Data for this exercise Start Marker

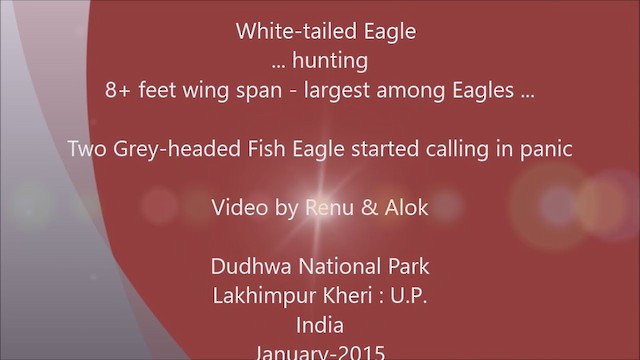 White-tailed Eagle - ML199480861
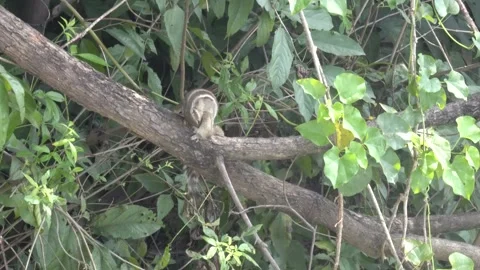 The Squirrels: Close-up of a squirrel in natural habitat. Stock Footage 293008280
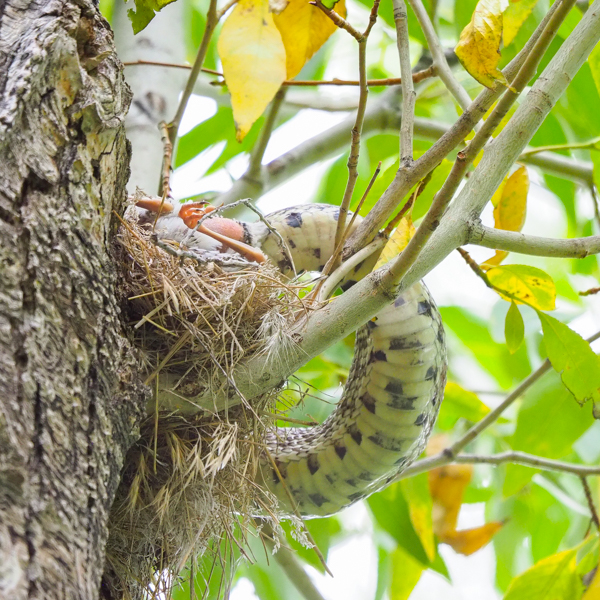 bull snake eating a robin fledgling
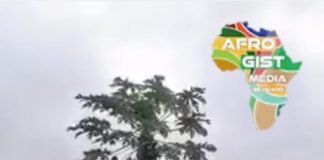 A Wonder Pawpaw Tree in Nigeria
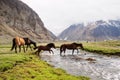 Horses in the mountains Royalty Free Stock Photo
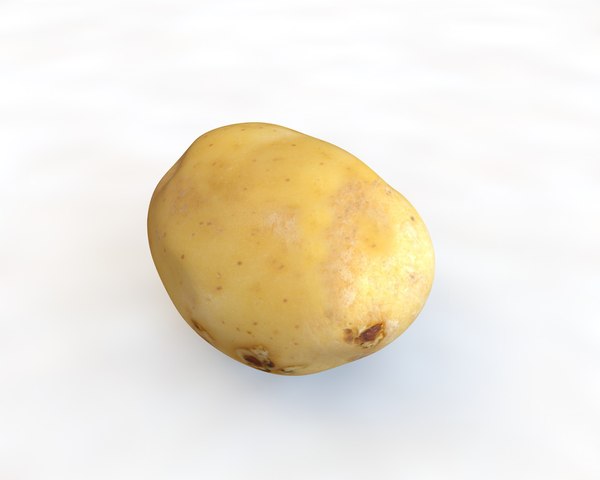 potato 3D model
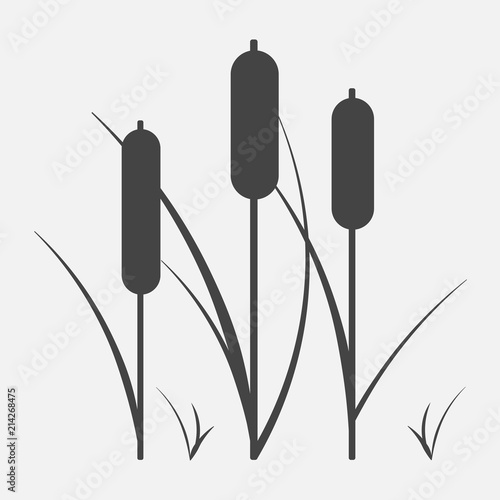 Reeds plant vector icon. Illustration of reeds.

Data for this exercise End Marker
Data for this exercise Start Marker

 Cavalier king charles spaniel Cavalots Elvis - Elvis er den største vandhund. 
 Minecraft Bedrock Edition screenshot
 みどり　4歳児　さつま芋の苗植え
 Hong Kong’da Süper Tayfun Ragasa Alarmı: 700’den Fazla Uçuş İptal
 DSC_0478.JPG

Data for this exercise End Marker
Data for this exercise Start Marker

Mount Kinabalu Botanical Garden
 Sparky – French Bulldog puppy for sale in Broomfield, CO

Data for this exercise End Marker

What you should do> Beginning with the line that contains "Horses in the" and ending with the line that contains "Reeds plant vector", reproduce the listing exactly, pictures excluded.

Response to the task>
 Horses in the mountains Royalty Free Stock Photo
 potato 3D model
 Reeds plant vector icon. Illustration of reeds.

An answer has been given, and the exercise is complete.